• [Scraped caption text data]

══════

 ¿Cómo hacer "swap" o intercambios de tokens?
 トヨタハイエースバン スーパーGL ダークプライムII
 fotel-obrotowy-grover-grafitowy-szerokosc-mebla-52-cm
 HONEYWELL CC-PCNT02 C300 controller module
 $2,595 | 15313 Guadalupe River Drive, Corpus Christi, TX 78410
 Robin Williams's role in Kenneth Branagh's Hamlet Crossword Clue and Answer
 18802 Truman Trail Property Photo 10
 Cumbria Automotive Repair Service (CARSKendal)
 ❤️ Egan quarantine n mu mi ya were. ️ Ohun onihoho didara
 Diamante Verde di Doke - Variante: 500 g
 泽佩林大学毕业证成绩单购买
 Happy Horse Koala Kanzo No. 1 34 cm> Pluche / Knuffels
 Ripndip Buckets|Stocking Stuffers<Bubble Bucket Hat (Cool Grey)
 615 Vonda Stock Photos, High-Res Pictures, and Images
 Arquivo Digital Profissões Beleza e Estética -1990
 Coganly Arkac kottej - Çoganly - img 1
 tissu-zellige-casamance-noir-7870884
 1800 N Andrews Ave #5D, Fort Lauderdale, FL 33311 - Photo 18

══════

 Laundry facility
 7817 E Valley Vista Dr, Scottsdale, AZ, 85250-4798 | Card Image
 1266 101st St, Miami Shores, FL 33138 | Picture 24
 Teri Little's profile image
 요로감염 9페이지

══════

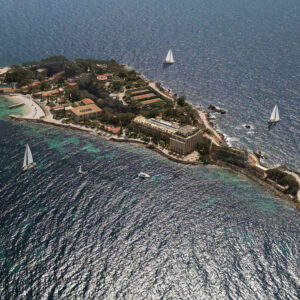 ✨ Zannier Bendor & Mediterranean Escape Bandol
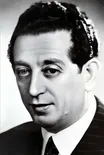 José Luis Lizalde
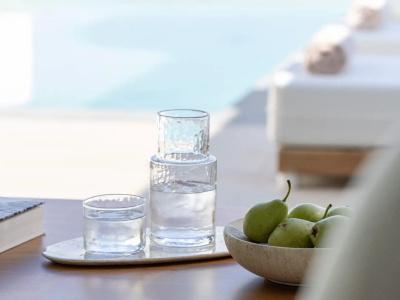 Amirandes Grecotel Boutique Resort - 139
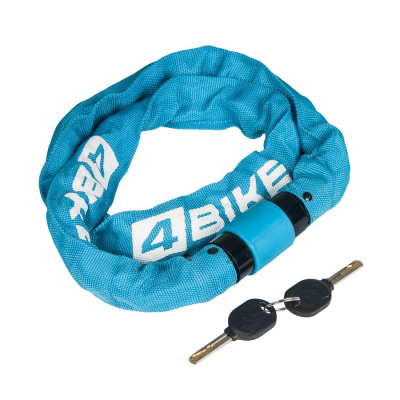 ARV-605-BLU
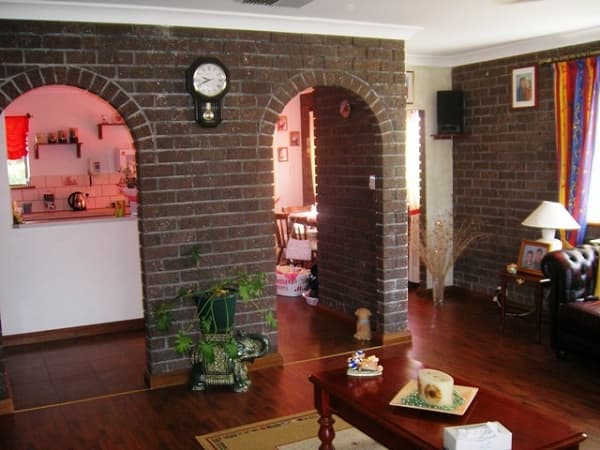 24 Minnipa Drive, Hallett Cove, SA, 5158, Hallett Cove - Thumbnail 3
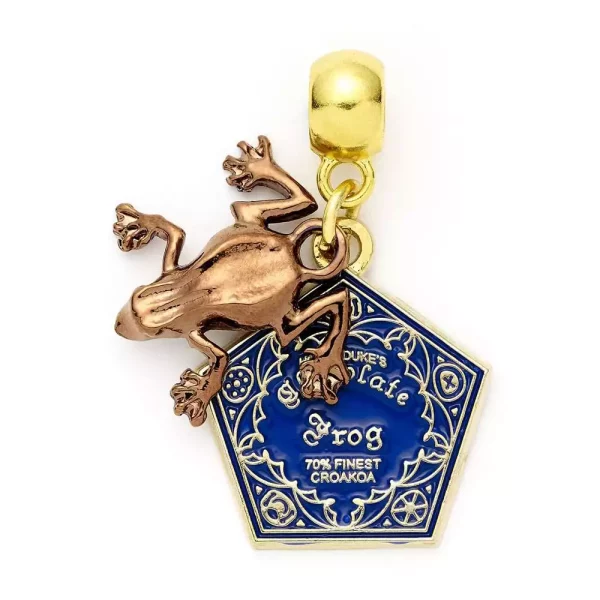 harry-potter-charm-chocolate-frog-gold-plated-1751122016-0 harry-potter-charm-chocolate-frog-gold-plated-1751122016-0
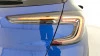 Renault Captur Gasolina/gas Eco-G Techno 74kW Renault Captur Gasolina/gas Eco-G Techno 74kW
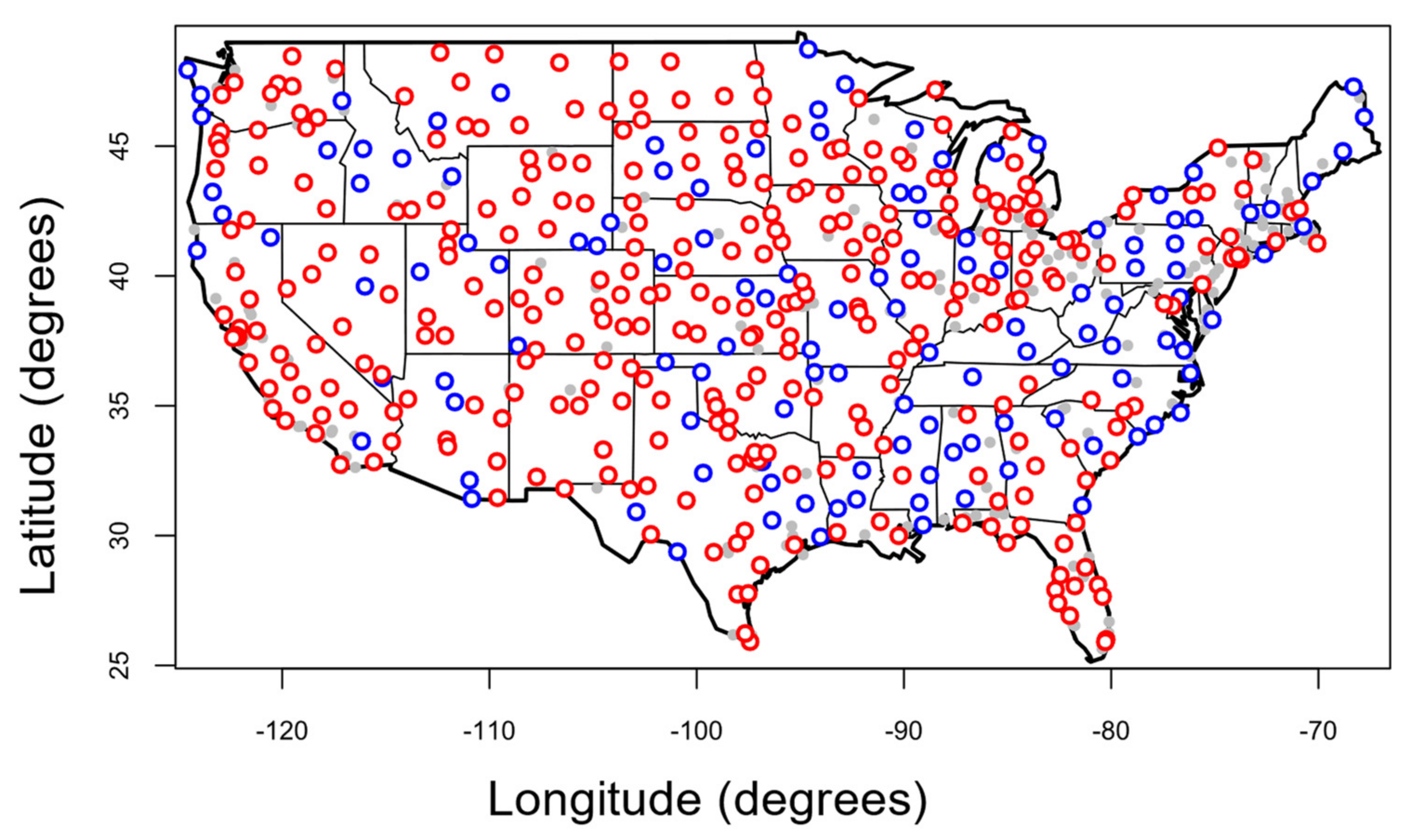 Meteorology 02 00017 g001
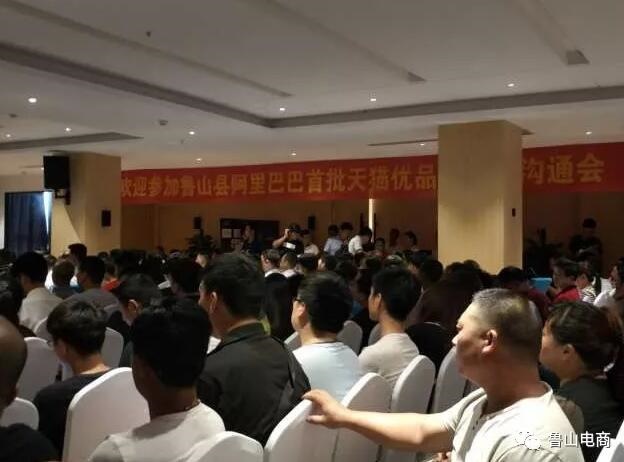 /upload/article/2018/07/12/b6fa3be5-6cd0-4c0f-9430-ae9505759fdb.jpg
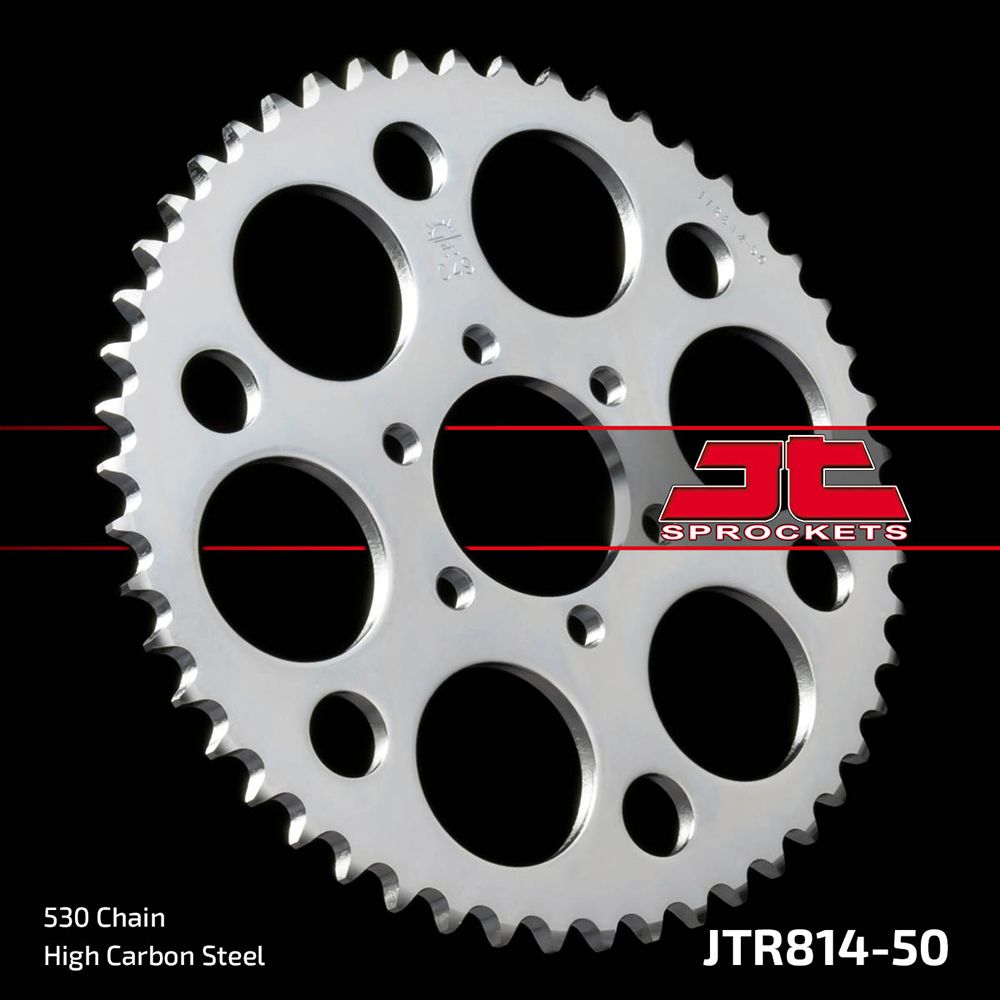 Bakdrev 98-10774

══════

• [What you will do] From the records above, extract exactly and only the lines that begin at the line with "tissu-zellige-casamance-noir-7870884" and stop after the line with "1800 N Andrews".

• [Answer for this exercise]
 tissu-zellige-casamance-noir-7870884
 1800 N Andrews Ave #5D, Fort Lauderdale, FL 33311 - Photo 18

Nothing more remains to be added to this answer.